3. Corrupção/Carlos César. Uma das críticas do discurso de Ventura tinha um nome ainda antes de subir ao palco — Carlos César, que no dia antes tinha referido que votar no Chega era “perigoso”. André Ventura criticou Pedro Nuno Santos por manter Carlos César como presidente do PS — aproveitou o embalo para atirar uma farpa a Montenegro dizendo que também mantém Miguel Albuquerque como presidente da mesa do Congresso do PSD —, mas o objetivo era voltar a colar o PS aos “tachos”, com acusações de que César “deve ter a família toda na política”. E confirmou que era “mesmo perigoso” o Chega ganhar porque “os familiares [de Carlos César], um a um, vão perder os tachos que têm”. Ventura foi usando políticos como exemplos do que não quer para o país e foi aproveitando ainda mais os casos dos que entraram na campanha de dedo apontado ao partido que lidera. No fundo, independentemente do nome (e neste caso foi Carlos César), Ventura tem alvos bem definidos e usa-os a seu favor sempre que lhe oferecem a possibilidade.

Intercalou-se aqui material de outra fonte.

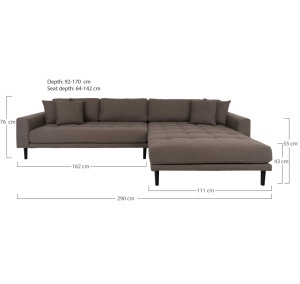 Canapea lounge Lido dreapta, Maro, 170x92x290x76 cm - Img 2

4. Mortágua/SIC/Global Media. A anotação estava lá, mas ficou fora do discurso que acabou por ser uma grande mixórdia de ataques a PS e PSD e que, ao contrário de outros, nem sequer se focou num tema. Neste caso, tinha claramente apontado falar da SIC e Global Media para recordar o caso da coordenadora do Bloco de Esquerda relativamente ao incumprimento do regime de exclusividade no Parlamento por fazer comentário televisivo (e que não tinha a mesma leitura por escrever no Jornal de Notícias). Apesar de, por esquecimento ou opção, o líder do Chega não ter falado de Mariana Mortágua, já o tinha feito várias vezes antes, até com ofensas desde “mentirosa a burlona” e várias referências ao assunto da avó e do pai. “É a personificação, símbolo e expressão do que é a fraude e burla da extrema-esquerda em Portugal”, chegou a dizer, e, para Ventura, é alguém que sabe que agita os apoiantes que tem à frente, porque Mortágua é uma espécie de ódio de estimação do Chega.

5. Agricultura. O mesmo aconteceu no tema da agricultura. Estava apontado por Ventura no pequeno papel com notas, mas não houve uma única referência no discurso. O assunto em si não ficou fora dos discursos, Ventura disse durante a campanha que “Chega tem sido a voz do mundo rural no Parlamento”, mas com tanto assunto para André Ventura atirar ao PS e PSD, a agricultura passou para segundo plano.

Rui Rocha. As páginas numeradas e os tópicos para jovens

Rui Rocha tem falado quase sempre de improviso, sem apoio de papéis. Mas nos jantares-comício na Casa do Alentejo, em Lisboa, na terça-feira, e no BH Foz, no Porto, levou esta cábula de 4 páginas numeradas, manuscritas (e dobradas em 4) com o alinhamento de tópicos importantes, números para não perder o rigor, e frases que considera de maior efeito.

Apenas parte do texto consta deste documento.